Мир подстроил им подлую ловушку. Дасава сжимал зубы от бессильного гнева. Но он не знал, как выбраться из болота. Замкнувшиеся за стенами Сатр, отвергшие Обитаемый мир небожители не умели выживать на его просторах. Разведка в незнакомом краю была для них опаснее открытого боя с жалкими дикарями-людьми.
Спустя короткое время в трясине пропал еще один воин. Невозможно было понять, какой шаг станет гибельным. Просвеченный солнцем туман казался желтым. Где-то далеко кричала птица. Воинам казалось, их окружают призраки.
Вдруг, словно поднявшись прямо из топи, меж редких искривленных деревьев соткалась женщина в платье из простого небеленого холста, украшенном пучками болотной травы и мха, с серыми, как мох, волосами до пояса, с огромными зелеными глазами. От опытных разведчиков Дасава слышал о земнородных - детях Обитаемого мира. Они зарождались в особых местах земли - некоторых рощах, заводях, зарослях и пещерах - и для небожителей были еще более нечистыми созданиями, чем люди.

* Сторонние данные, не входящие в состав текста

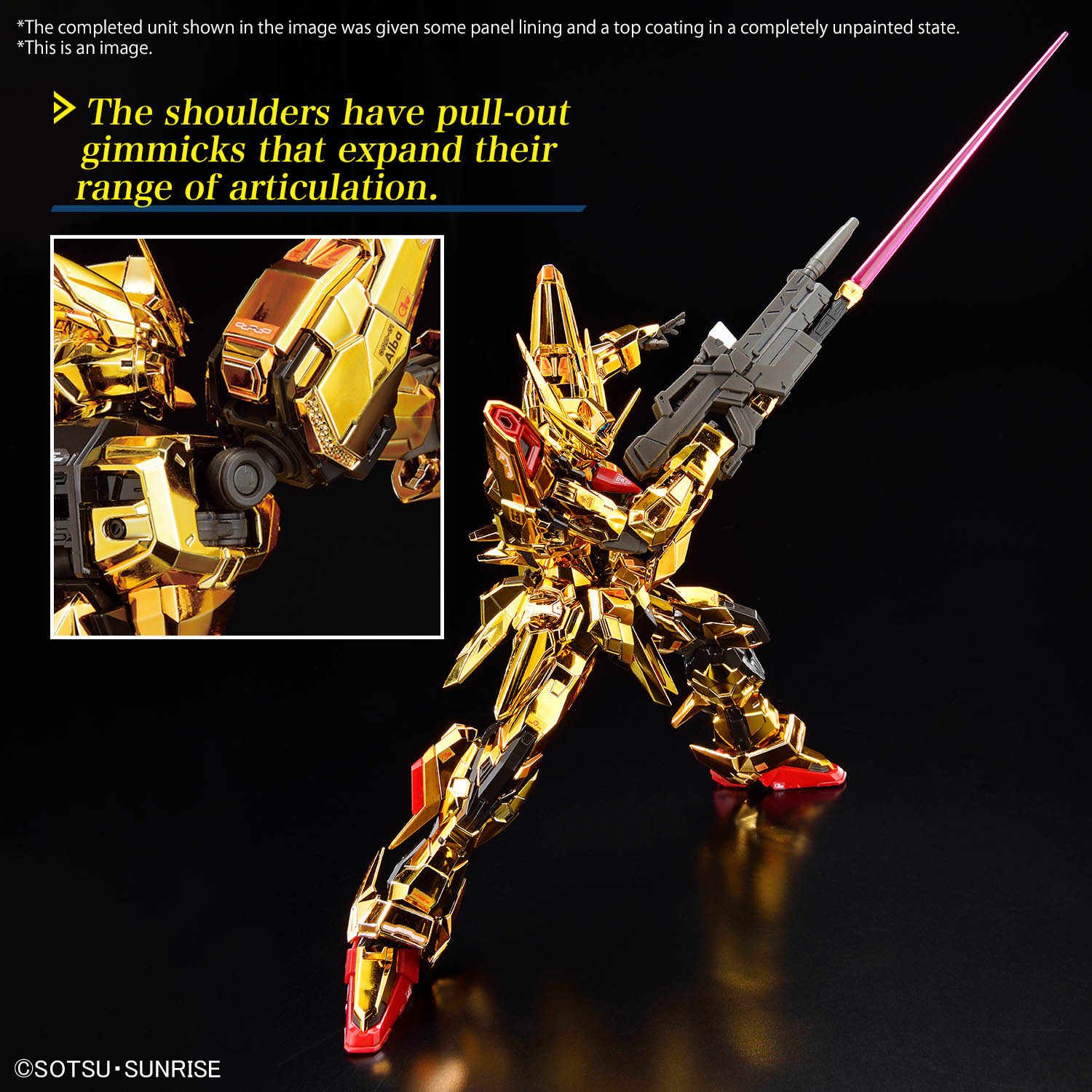 RG 1/144 AKATSUKI GUNDAM OOWASHI unit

Легко скользя по поверхности топи босыми ногами, болотница приблизилась к отряду и безмолвно замерла в камышах.
– Прочь, земнородная тварь! - крикнул один из товарищей Дасавы.
Со взмахом руки небожителя воздух рассекла извилистая молния. Но болотница уже растворились в туманной мгле.
До ночи разведчики потеряли в походе еще двоих.
Стемнело. В траве метались крошечные огни. Невозможно было ни сесть, ни лечь: небожители столпились на зыбком островке, с трудом выдерживая тяжесть доспехов. Наутро воины совсем обессилели.
К полудню в живых остался один Дасава. Только он добрался до нового островка твердой земли.
Припекало солнце. От болота поднимались испарения. Усилием воли не давая ногам подогнуться, Дасава двинулся дальше.
Он оступился в заросшее осокой окно совсем рядом со своим островком. Дасава успел схватился за подвернувшуюся под руку корягу. Но топь засасывала, и доспех тянул вниз. Пытаясь бороться, Дасава все быстрее уходил в трясину. Он погрузился по пояс, по грудь… «Проклятый мир. Он убил нас всех», - думал несостоявшийся царь Дасавасатры. Еще миг, и он начнет захлебываться болотной жижей.
Сквозь сон Дайк различил смутно знакомый встревоженный голос.
– Дайк! Дайк, проснись, - кто-то тряс его за плечо.
Дайк с усилием открыл глаза - и увидел над собой бледное, взволнованное лицо Гвендис в обрамлении темного наголовья плаща.